失効前の設備認定(2017年3月末)の状況で1,000kW以上のメガソーラーと呼ばれる大規模な太陽光の設備認定が4000万kW以上に達していたが、低圧連系の50kW未満の設備認定も2,800万kW以上あった。一方で、高圧連系の50kW以上1,000kW未満の設備認定は990万kWしかなく、大きな偏りを見せていた(図2、2017年3月末現在)。出力50kW以上の高圧連系の設備では設備規模が大きいほど事業性が高いことが原因として考えられるが、1,000kW未満の屋根置きの太陽光発電の導入について、地上置きに比べて高コストになるなど課題があると考えられる。一方、1,000kW以上のメガソーラーで認定された設備のうち約28%しか運転を開始していないが(2,000kW以上は14%)、土地利用などの合意形成や系統接続に関する様々な課題が未稼働の要因となっている可能性がある。50kW未満の低圧連系の設備についても38%程度しか運転を開始しておらず、地域が主体となった小規模な発電事業者についても系統接続や資金調達等、様々な課題を抱えていることが考えられる。

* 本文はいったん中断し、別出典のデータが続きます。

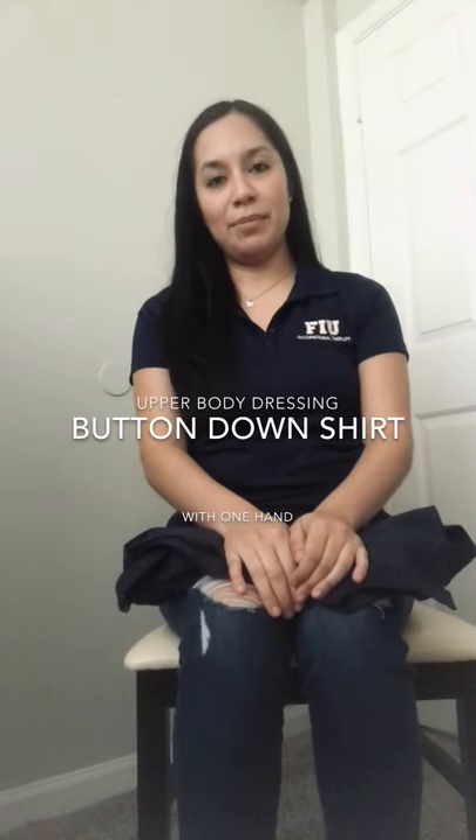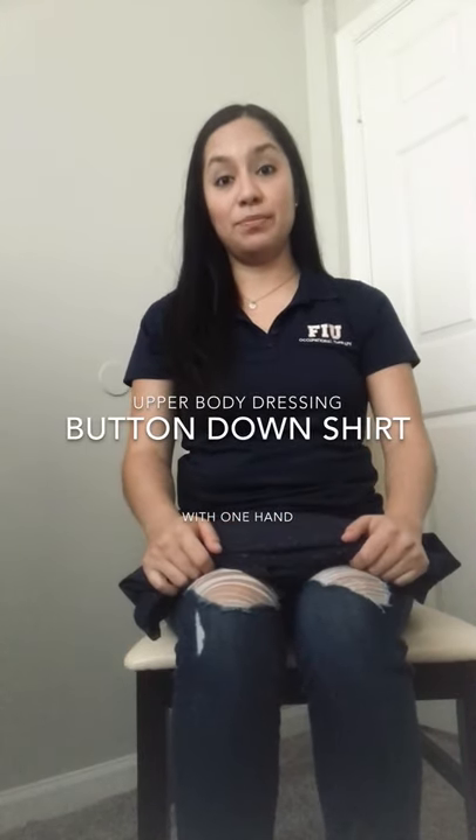Hi, my name is Erika Odubina and I'm going to be showing you today how to put on a shirt using one hand. For today's task, we're going to be learning how to put on a button-down shirt. I'm going to be showing you how to do this with one hand.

10kW以上の非住宅用太陽光については、その出力規模により異なるシステム費用となっていることが運転開始設備のデータからすでに明確になっている。1,000kW以上のシステム平均価格が下げ止まり、2014年度以降、50kW未満のシステム費用との差が5万円以下に縮まったとされる。このシステム費用の平均価格の差は、2年前の平成24年度第3四半期には、約15万円もあったため本来は平成25年度調達価格の決定の段階での見直しが必要だったことになる。さらに、2017年には1,000kW未満のシステム費用が、1,000kW以上のシステム費用を下回るようになり、逆転現象が起きており、1,000kW以上のシステム費用の下げ止まりは明白である。

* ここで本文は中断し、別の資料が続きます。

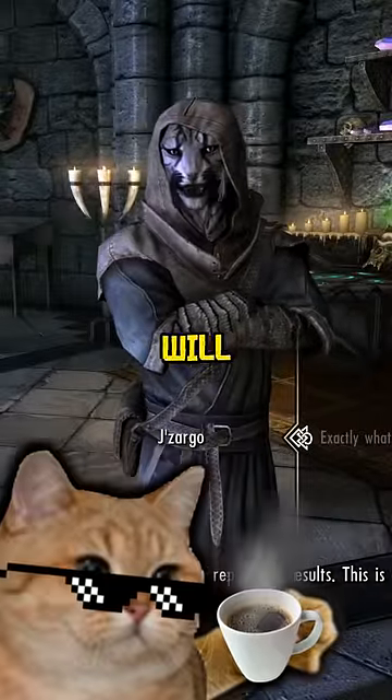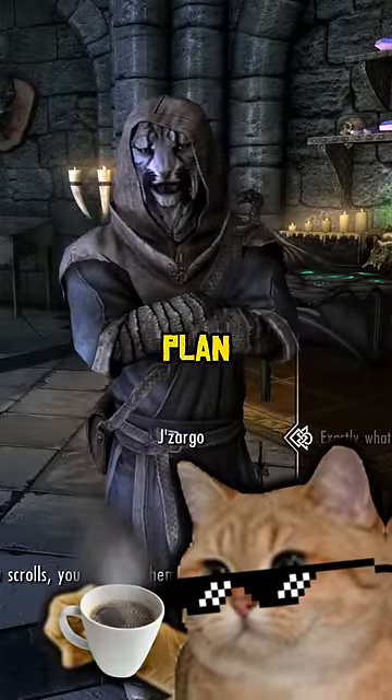Jizargo will give you scrolls. You will use them and report the results. This is a good plan, no?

図2.2 太陽光の設備認定と運転開始状況(2017年3月末現在)|出典:資源エネルギー庁データよりISEP作成

拙速な「入札」で市場を壊さずに、きめの細かい買取価格の改善から着手すべき

2017年11月の入札(第1回)は、出力2MW以上の太陽光発電を対象に、募集枠500MW(50万kW)、調達価格の上限額21円/kWhを公表して行われた。その結果、落札は外資系を中心に7事業者・9案件となり、最終的に第2次保証金を納付した案件は募集枠の8%に留まる4件・41MWに過ぎず、実質的に「入札制度破たん」であるばかりか、「太陽光発電市場の破壊」をも暗示する結果に終わった[6]。その中で、地域ベースで地産地消を目指すご当地電力系の事業者は、応札すらできない状況にあった。この状況では、入札制度よりも、むしろ前項で提案した規模別等のきめ細かい買取価格の改善を行う方が望ましい。

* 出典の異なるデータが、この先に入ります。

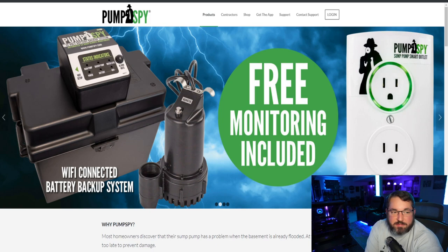It's PumpSpy.com. You can see here the pump that comes with the kit, the housing, and the controller that goes on the housing. This has all of the electronics that monitors everything and will connect via Wi-Fi to a phone app. You do have to buy your own battery — PumpSpy makes a battery but you can buy your own 12-volt battery. They also make a dual pump installation kit, which is a 1.5-inch PVC Y adapter with a couple of check valves and some rubber boots to connect everything together. I did want to do a dual pump system — keep the pump I already have, add this as a secondary backup with the battery, and have the Wi-Fi alerting.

現状の入札制度では、入札制度への参加には巨額の開発資金や系統接続などへのリスク対応が必要となり、大資本をもつ事業者しか参加できず、地域主体のご当地エネルギーの事業者が排除されるという根本的な問題がある。加えて、こうした外資や地域外の大手資本による巨大ソーラー開発が、地域との対立を招いている事例が頻発していることにも留意する必要がある。ドイツでは、入札にあたり社会的合意形成などの観点から地域での所有(オーナーシップ)や利益配当などを重視した「ご当地性(Community Power)」を参加条件にしている場合もあり、日本においてもそのような一定の「ご当地」枠を設けて、設備の認定や系統接続などを優先的に行うべきである。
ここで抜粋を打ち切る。